*** Data below Section Begins ***

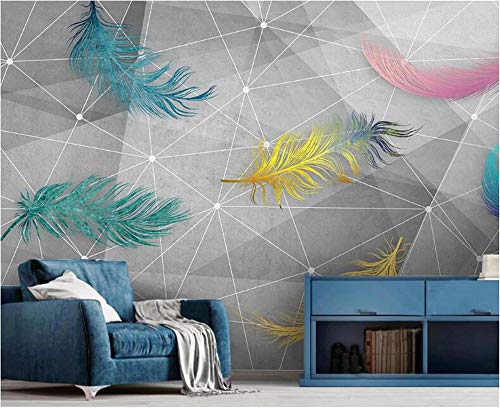Papier peint lignes géométriques 3D moderne pour mur de salon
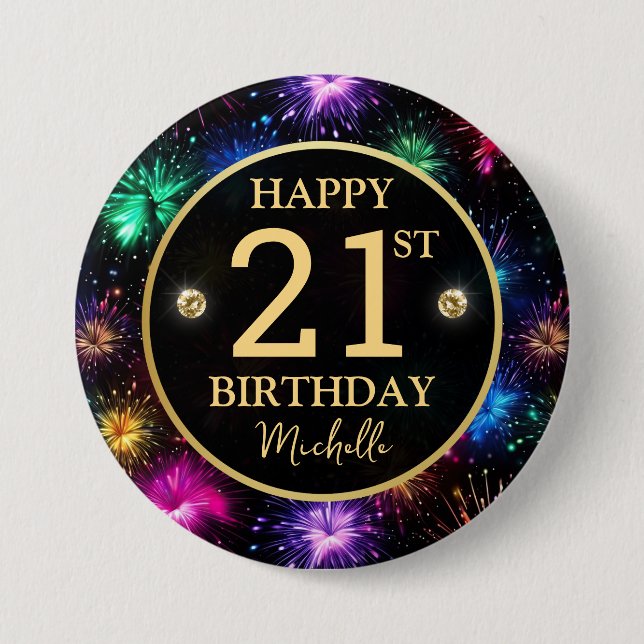 Elegant Rainbow Fireworks 21st Birthday 3 Inch Round Button (Front)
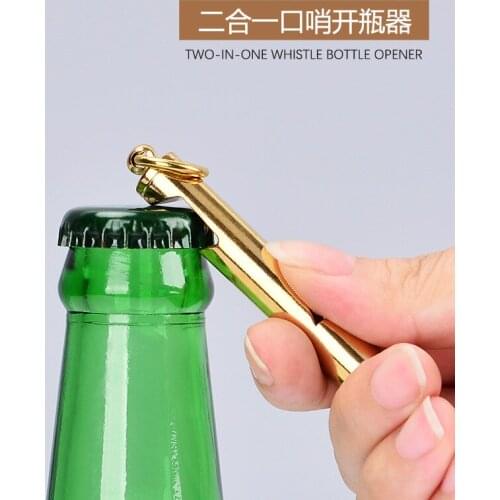 Whistle keychain pendant EDC tool Sports whistle outdoor emergency opening bottles climbers retro brass whistle survival tool ha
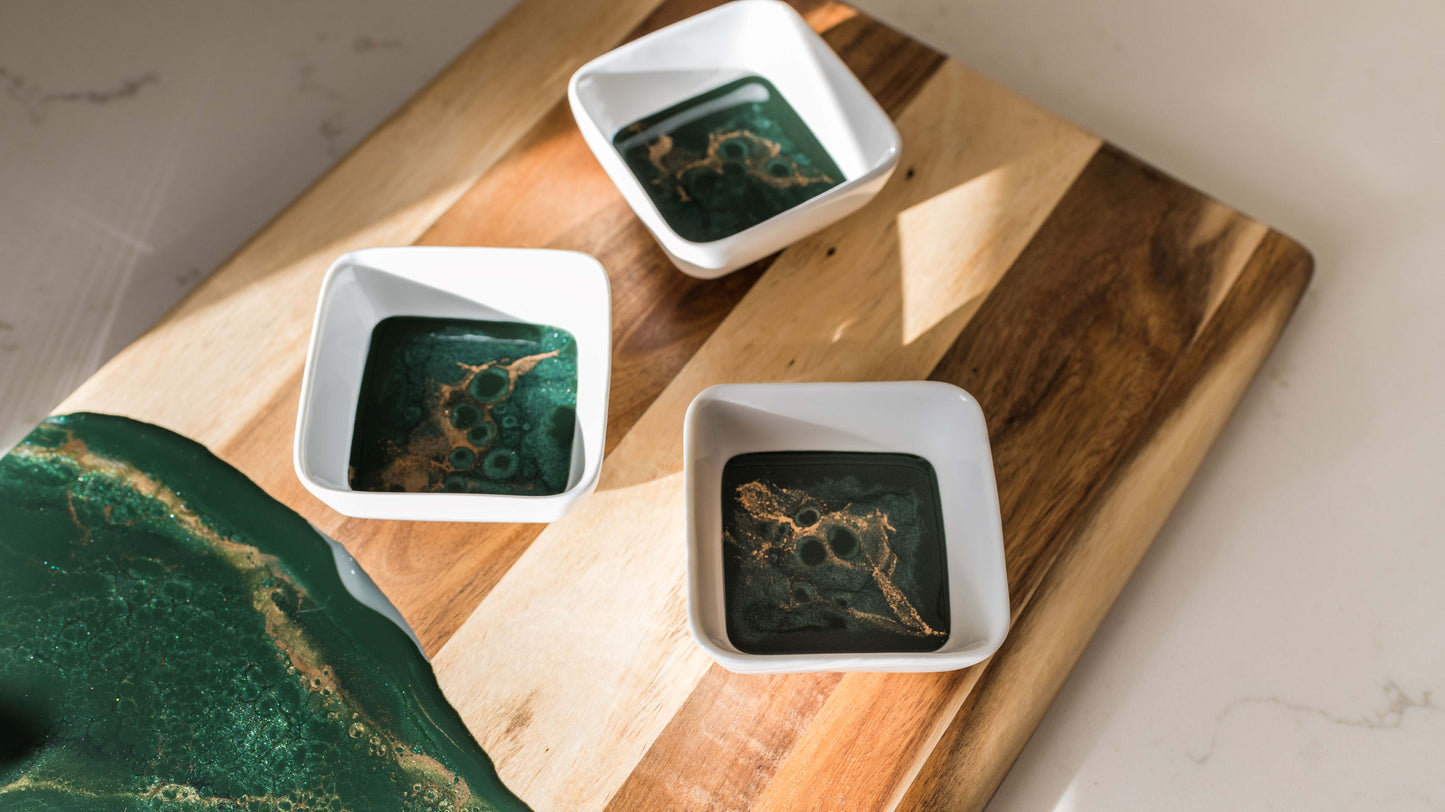 NEW! Resin Accented Ceramic Dipping Bowls (sets of 3)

*** Data below Section Ends ***

Please reproduce the listing exactly, leaving out any pictures.

Papier peint lignes géométriques 3D moderne pour mur de salon
 Elegant Rainbow Fireworks 21st Birthday 3 Inch Round Button (Front)
 Whistle keychain pendant EDC tool Sports whistle outdoor emergency opening bottles climbers retro brass whistle survival tool ha
 NEW! Resin Accented Ceramic Dipping Bowls (sets of 3)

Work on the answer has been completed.